As the 2021 hurricane season swiftly approaches, many are anxious about what it will mean for the Caribbean. Though spared from the 2020 season for the most part, the upsurge in activity shows the alarming impact of climate change. The National Oceanic and Atmospheric Association (NOAA) recently announced the new hurricane season average as 14 named storms, 7 hurricanes, and 3 major hurricanes, following the period of 1991-2020 . This year will now see the updated average taken into effect, and it has already been forecast to be above average.
What you may not know is although the season commences June 1st annually, there is a peak period in each hurricane season. Here is some insight to the worst months for hurricanes.
Is there such a thing as a “bad month” for a hurricane?
Yes, in fact, the season peaks between August and October annually, and September 10th has been statistically proven as the day is most likely for a hurricane to form in the Atlantic. Hurricanes need water temperatures above 80° to form, and this is optimal during the middle of the season.
The temperatures are usually accompanied by a lack of wind shear, which is “the variation of the wind’s speed or direction over a short distance within the atmosphere.” (NPR). Between June and July, the wind shear is still relatively high after spring but quickly fades in August. With little wind shear to rip apart hurricanes as they form in warmer waters, the peak of the season begins.
How bad can it be?
Alongside the frequency of hurricanes, there is the significant concern about the speed at which they move. Within the last 70 years, hurricanes around the world have slowed down by 10%, signally longer periods of heavy winds and rains. Hurricane Harvey, formed August 17th, 2017, is often referenced for the length of time it dwelled over Texas, causing 60 inches of rain in over a week. Bringing it closer to home, Hurricane Dorian made landfall on the Abacos Islands on September 1st, 2019 and dissipated on September 10th. The catastrophic loss was worth approximately USD5.1 million for 10 days of impact.
How badly has the Caribbean been hit during the peak of the season?

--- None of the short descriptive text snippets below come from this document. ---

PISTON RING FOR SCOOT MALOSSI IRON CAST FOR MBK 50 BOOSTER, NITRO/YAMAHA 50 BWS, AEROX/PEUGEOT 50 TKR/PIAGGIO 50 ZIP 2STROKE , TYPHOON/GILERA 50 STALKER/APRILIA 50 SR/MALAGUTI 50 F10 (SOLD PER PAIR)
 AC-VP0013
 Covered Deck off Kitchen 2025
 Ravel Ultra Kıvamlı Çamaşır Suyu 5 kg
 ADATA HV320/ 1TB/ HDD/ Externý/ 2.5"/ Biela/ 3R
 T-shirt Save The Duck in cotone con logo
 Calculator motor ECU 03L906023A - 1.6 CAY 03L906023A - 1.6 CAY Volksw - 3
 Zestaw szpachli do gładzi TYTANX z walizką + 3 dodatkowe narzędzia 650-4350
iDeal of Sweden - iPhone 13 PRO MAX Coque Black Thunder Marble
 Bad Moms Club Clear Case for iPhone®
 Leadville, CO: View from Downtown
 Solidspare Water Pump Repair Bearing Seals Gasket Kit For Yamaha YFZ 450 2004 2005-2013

The Caribbean recorded five of its most deadly hurricanes between 1979 and 2019, four of which formed in the peak of the season. These included Hurricane David of August 1979 and Hurricane Jeanne of September 2004. Not only are hurricanes formed during the peak, but more tropical waves and clusters of thunderstorms are likely to form. Take a look at this notable list of weather events:
- Hurricane Gilbert “slammed” Jamaica on September 12th, 1988, and was the first hurricane to hit the island directly since 1951. Devastation was caused as the eyewall travelled the entire island, even triggering a 9ft storm surge on the north east of the island.
- Hurricane Ivan has been etched into Grenada’s history, as one of the most powerful tropical storms to hit the Caribbean in that decade. Making landfall on September 4, 2004, Ivan wreaked havoc on the Spice isle as a Category 3 Tropical Storm.
- Hurricanes Irma and Maria continue to be deemed unprecedented, having formed in the Atlantic within two weeks of impact. Hurricane Irma caused widespread destruction in September 2017 and was the first Category 5 Hurricane to hit the Leeward Islands. Two weeks later, the northeastern Caribbean was hit by the deadly Category 5 Hurricane Maria. This made history in the region showing how quickly devastating hurricanes can be formed in succession.